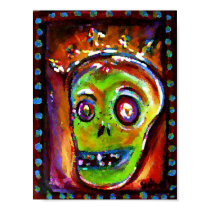 Day of the Dead in Red posters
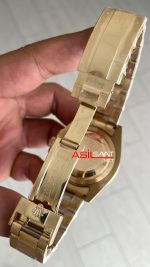 Rolex Submariner Bluesy 126618LB Gold Mavi Kadran 41mm Replika Saat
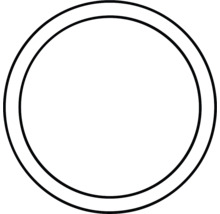 Symbol: Dubbelcirkel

+++

- Exercise prompt -
In your copy of the data above, leave out the pictures and repeat everything else exactly.

- Result -
 Day of the Dead in Red posters
 Rolex Submariner Bluesy 126618LB Gold Mavi Kadran 41mm Replika Saat
 Symbol: Dubbelcirkel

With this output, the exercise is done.